“Supergirl” star Melissa Benoist is speaking out in light of sexual harassment allegations against her show’s executive producer.
Her comments come days after showrunner Andrew Kreisberg — who also handles other popular CW network superhero shows like “The Flash,” “Arrow” and DC’s “Legends of Tomorrow” — was suspended when more than a dozen people accused him of acting like a super creep at work, including kissing women without their consent and requesting massages.
“I am a woman who leads a show that supports equality and feminism, empowerment, and fighting for what is right. I have always tried to conduct myself this way personally, as well,” Benoist tweeted Sunday night.
“Sadly, the show and my career are a part of an industry that doesn’t always mirror these sentiments.”
The former “Glee” actress didn’t mention Kreisberg by name, but suggested that she has her whistle-blowing colleagues’ backs.
“I believe lasting change is possible, and when people are mistreated, they should have a safe forum to speak their truth and always be heard. And when people commit crimes or harass others, they should always be held accountable — no matter what industry they work in or how much power they wield,” she wrote.
“I’ve spoken up about it in the past — publicly and not so publicly — and I’ll continue to do so. All of us should, without fear or shame.”
“Arrow” actress Emily Bett Rickards issued a similar statement on social media.
“To the men who committed sexual harassment, who perpetuated rape culture, who turn a ‘blind eye,’ and complain about ‘reverse sexism’: You are weak and complicit,” she tweeted.
“To the women who found the strength to speak up, to the women who supported one another and to the women finding their voice: You can. You are heroines.”
Some 19 people accused Kreisberg of inappropriate behavior while working on the show in a Variety article published Friday.

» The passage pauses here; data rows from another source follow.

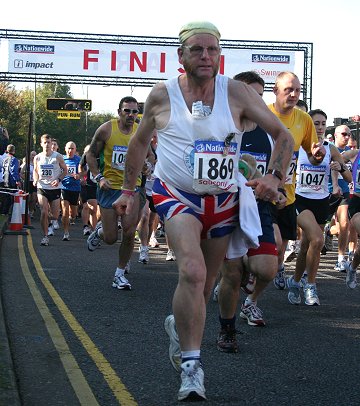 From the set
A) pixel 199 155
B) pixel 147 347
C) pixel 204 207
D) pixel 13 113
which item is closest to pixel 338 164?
pixel 147 347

Staffers say he hired women based on looks, and then made creepy moves on them.
“Wow, you look so tired that I don’t even want to have sex with you anymore,” he allegedly told one woman.
Another says he told her to lie on the floor of his office while he did “a push-up stance” over her, and that he once mimed having sex with a photocopier.
“It was an environment in which women — assistants, writers, executives, directors — were all evaluated based on their bodies, not on their work,” one writer told the outlet.
Kreisberg denied all the allegations to Variety.